No thanks, we don't want more jobs really
Now we know how East Timor feels about natural resources projects, only in reverse. While the Timorese are desperate to have a massive liquefied natural gas plant built on their land, Australia has happily accepted Shell processing the Prelude field on a giant floating platform and a bunch of greenies would like Woodside to do the same with Browse Basin instead of bringing gas ashore in the Kimberley. Looks like we're not so keen on jobs after all.
It's not hard to imagine that, just a little while ago, there would be some sort of outcry about multinational Shell minimising Australian job creation by building its entire $12 billion floating plant in South Korea. More than four football fields long, the monster platform will sit 200 kilometres off the coast freezing gas and loading it onto ships that will never visit Australian ports.
The Prelude workforce, presumably flown in and out from Australia, but not necessarily, will be measured in scores.

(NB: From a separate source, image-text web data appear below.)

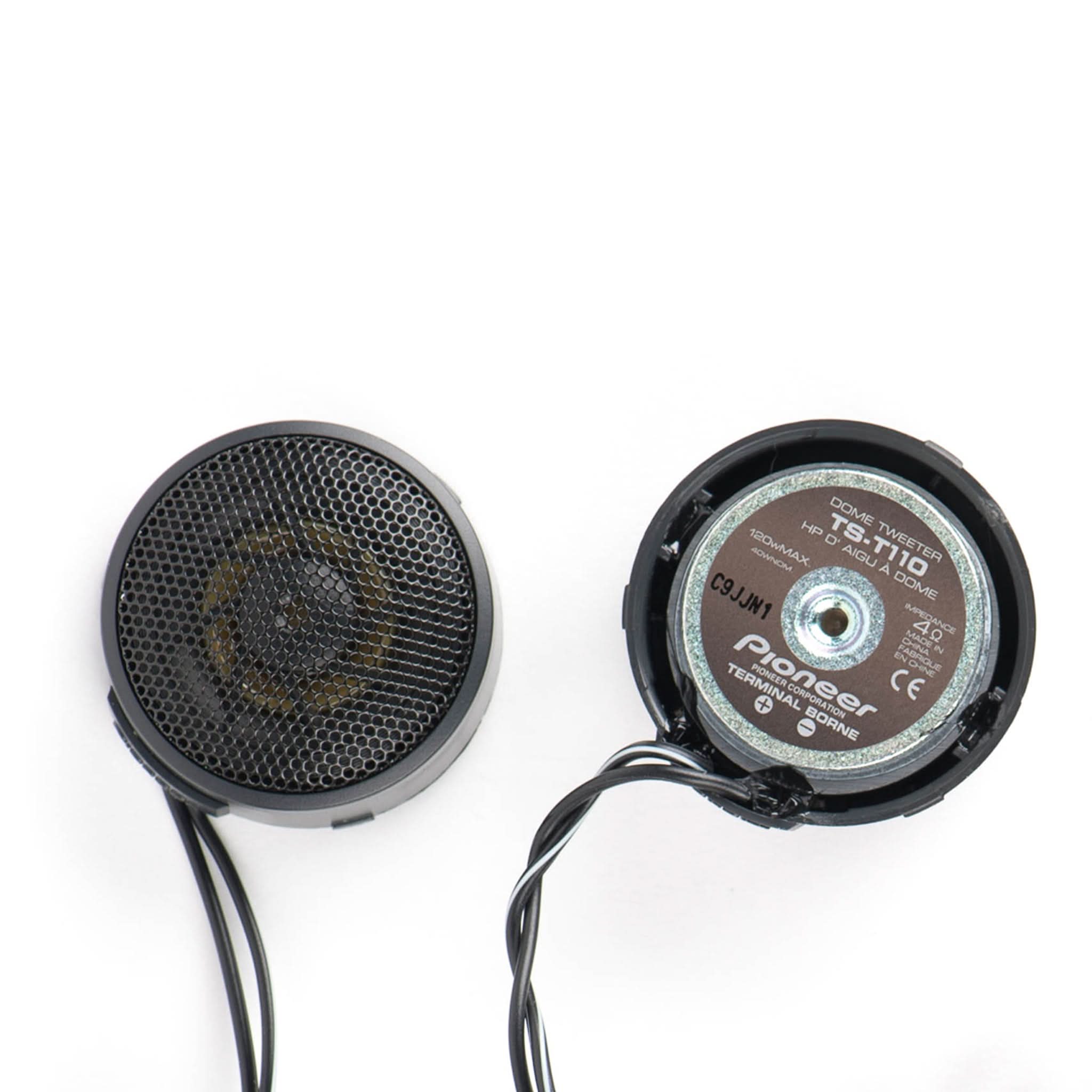 Pioneer_TS-T110_Installed Image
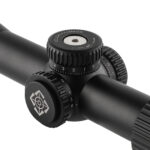 MARCOOL ALT 3-9x40 IRG 30MM Tube Riflescope Mar-145 - Image 4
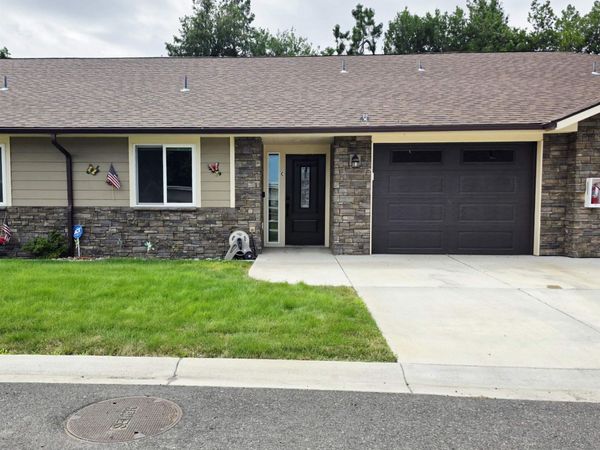 3438 5th St, Unit C, Lewiston, ID 83501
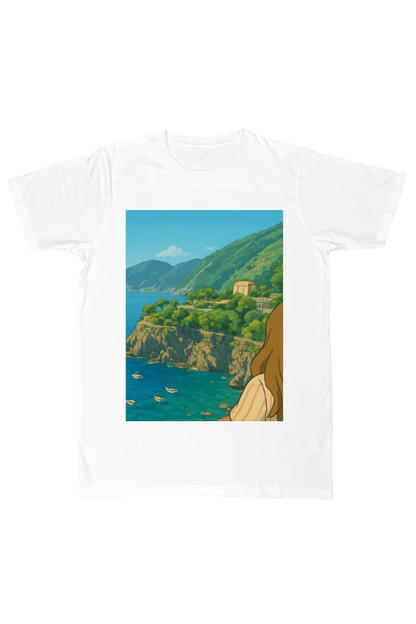 Ghibli Unisex T-Shirt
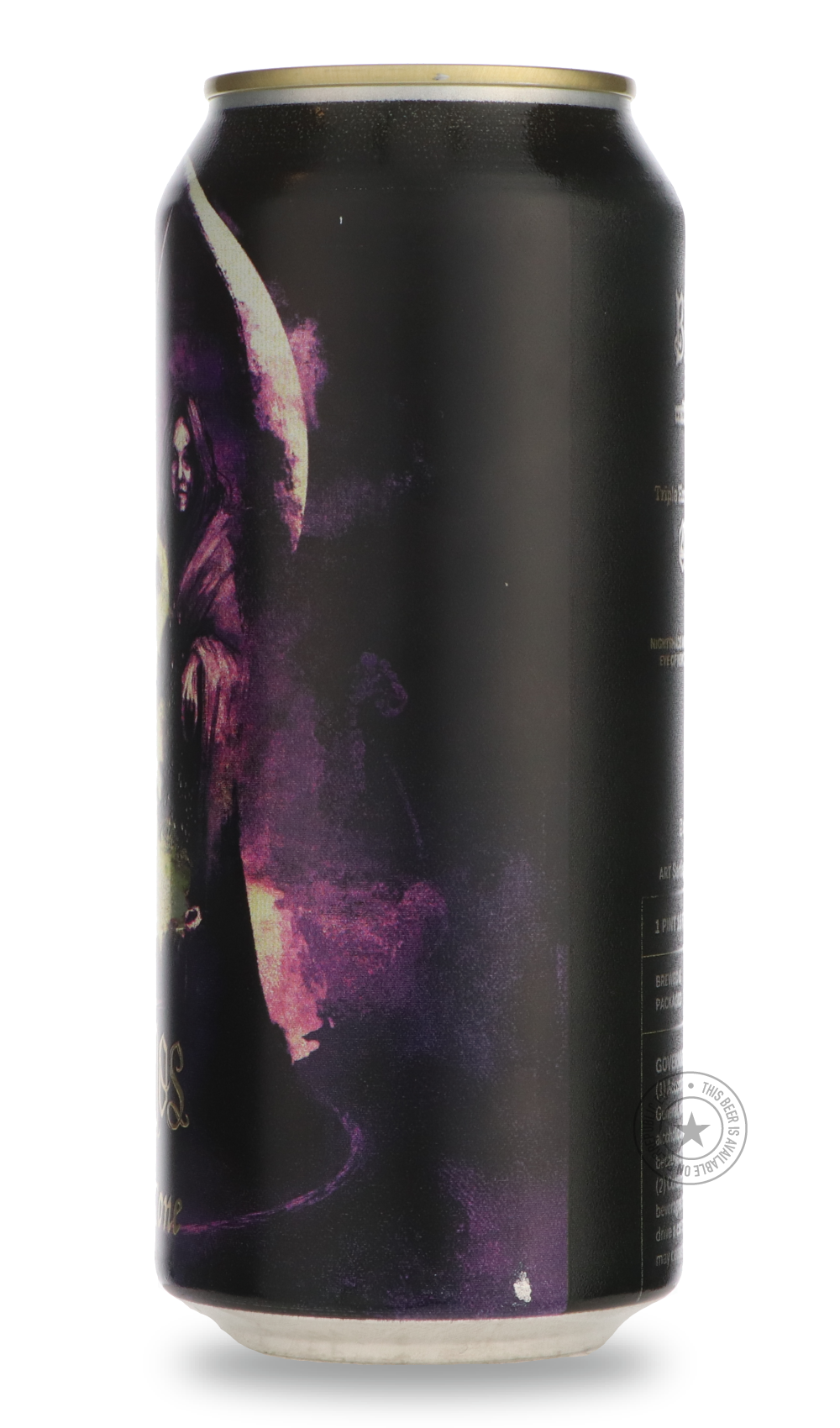 -Brujos- LunaTone-IPA- Only @ Beer Republic - The best online beer store for American & Canadian craft beer - Buy beer online from the USA and Canada - Bier online kopen - Amerikaans bier kopen - Craft beer store - Craft beer kopen - Amerikanisch bier kaufen - Bier online kaufen - Acheter biere online - IPA - Stout - Porter - New England IPA - Hazy IPA - Imperial Stout - Barrel Aged - Barrel Aged Imperial Stout - Brown - Dark beer - Blond - Blonde - Pilsner - Lager - Wheat - Weizen - Amber - Barley Wine - Q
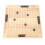 Magnetisches Schachbrett Spielzeug Eltern-Kind-Puzzle 5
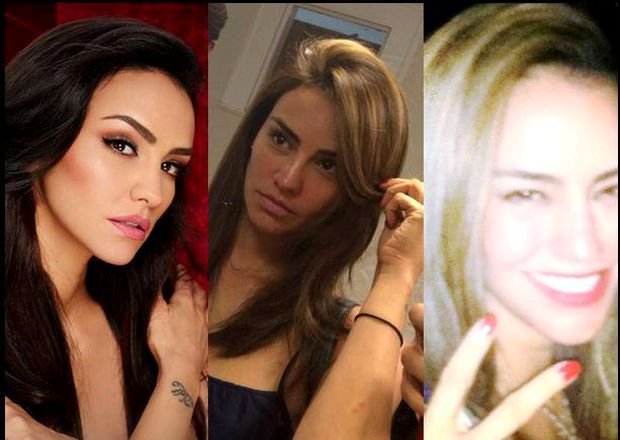 Consuelo s-a mutat in Republica Dominicana si si-a schimbat felul in care arata. Transformare radicala dupa divortul de Mutu! FOTO_3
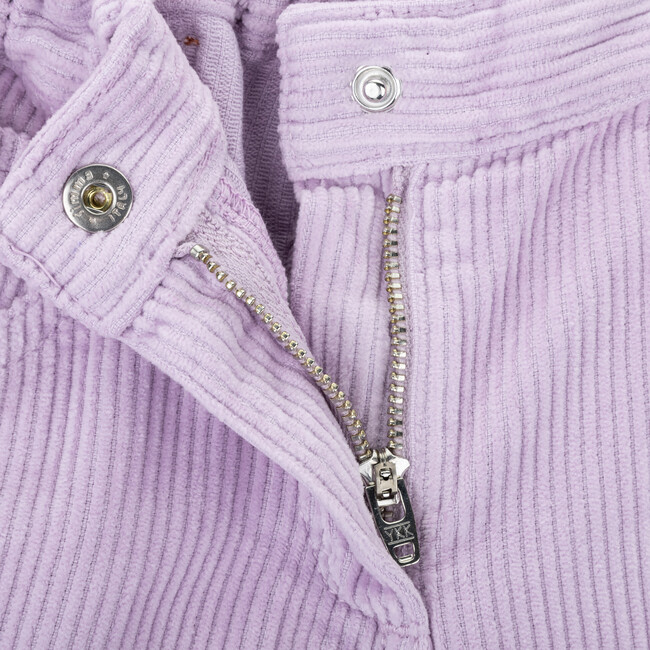 Lacie Trousers For Girl, Corduroy - Pants - 2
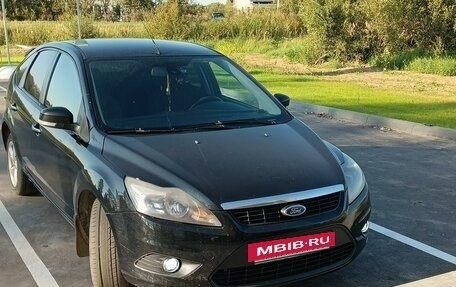 Ford Focus II рестайлинг, 2010 год, 570 000 рублей, 2 фотография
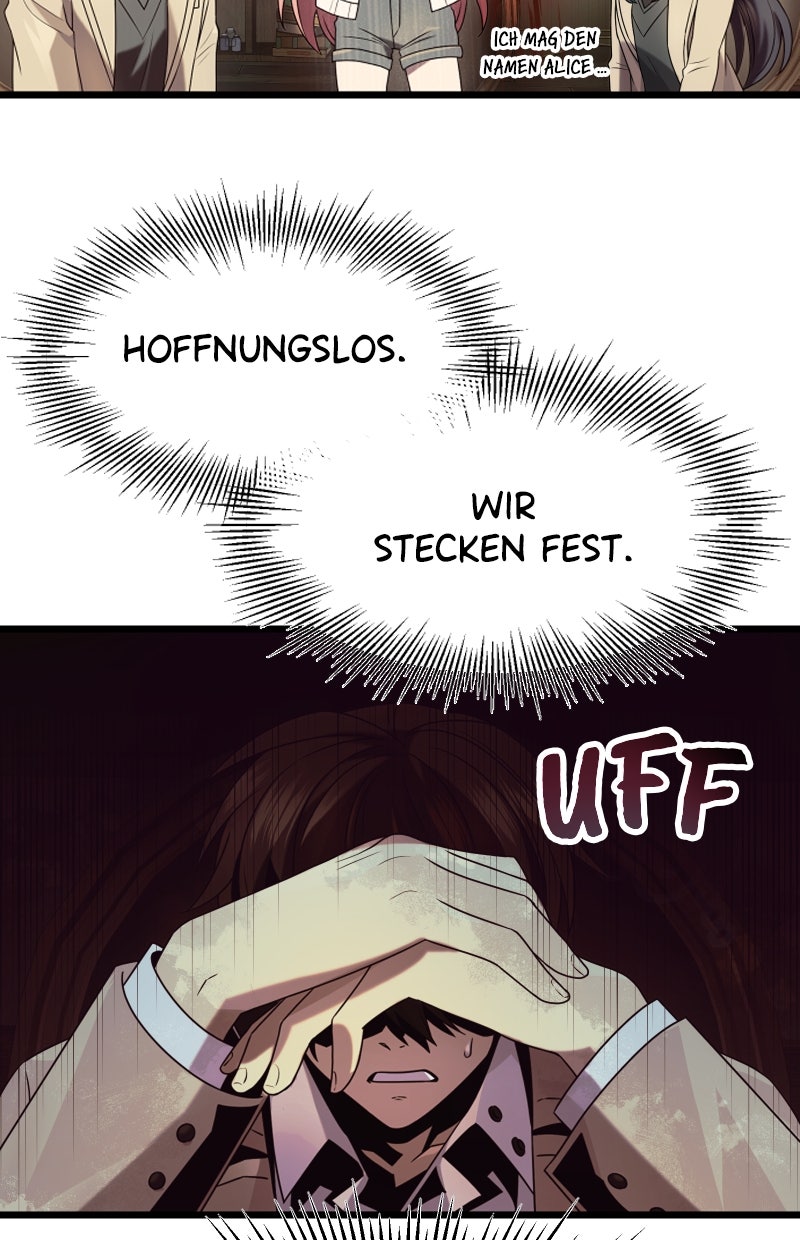 Read Mythic Item Obtained Manga Online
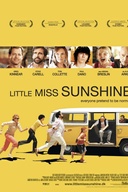 Affiche du film Little Miss Sunshine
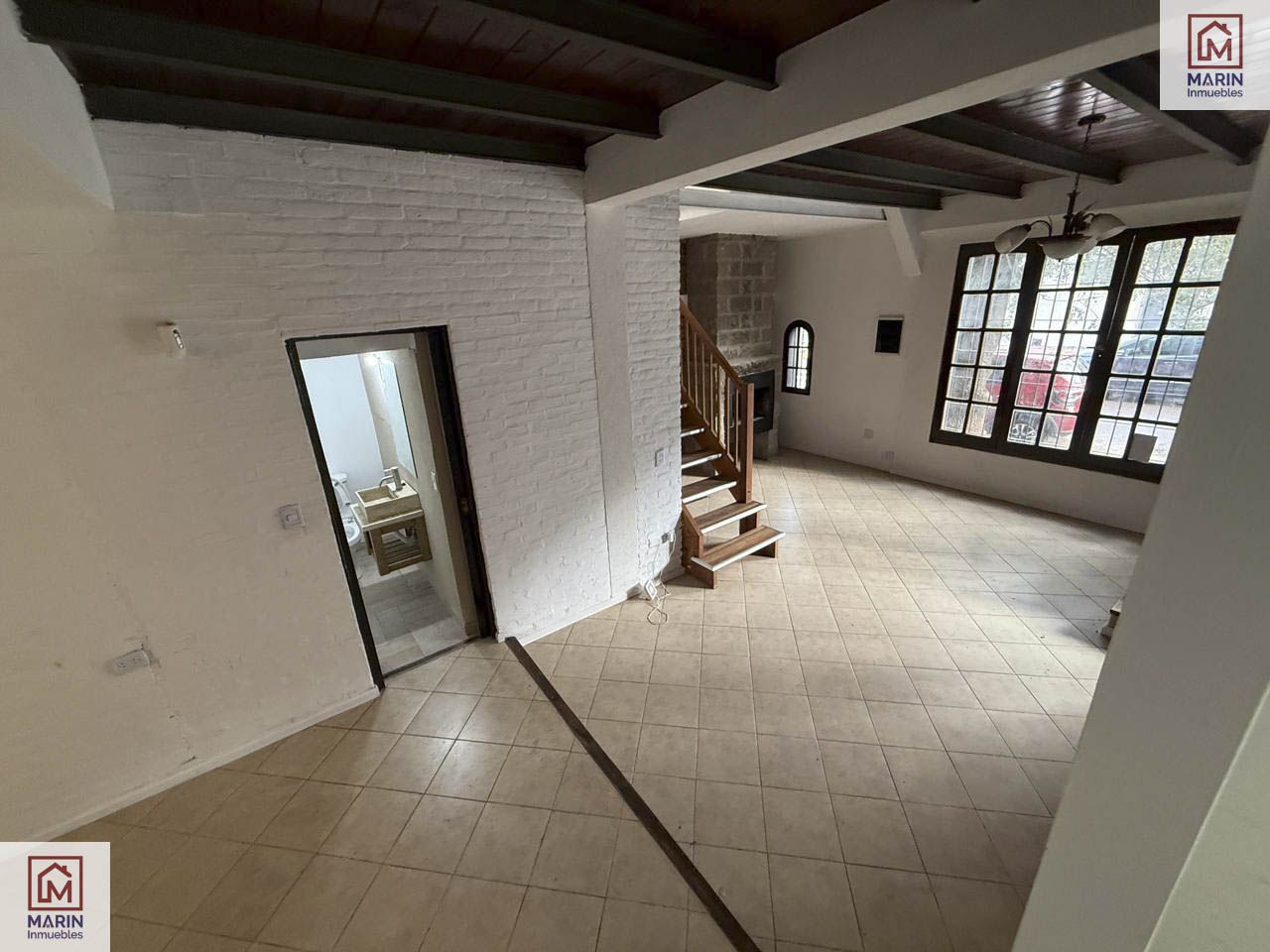 Marin Inmuebles, Venta de Casa en Olivos   Vicente López Foto6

By comparison, the construction team on Barrow Island assembling the Gorgon LNG plant is currently 3000 and will peak at 5000, before falling back to a production workforce of just a couple of hundred.
The Chevron-managed Gorgon is a much larger project and Prelude, like much of Australia's gas, is lot further away from land, but the difference in Australian jobs remains indicative of the difference between building plants onshore as opposed to having the job done in a Korean shipyard.
The same would apply if Woodside took Geoff Cousins' advice about the $30 billion Browse Basin project - all those construction jobs would go to Korea and the vast Kimberley coast line could have one more pristine beach.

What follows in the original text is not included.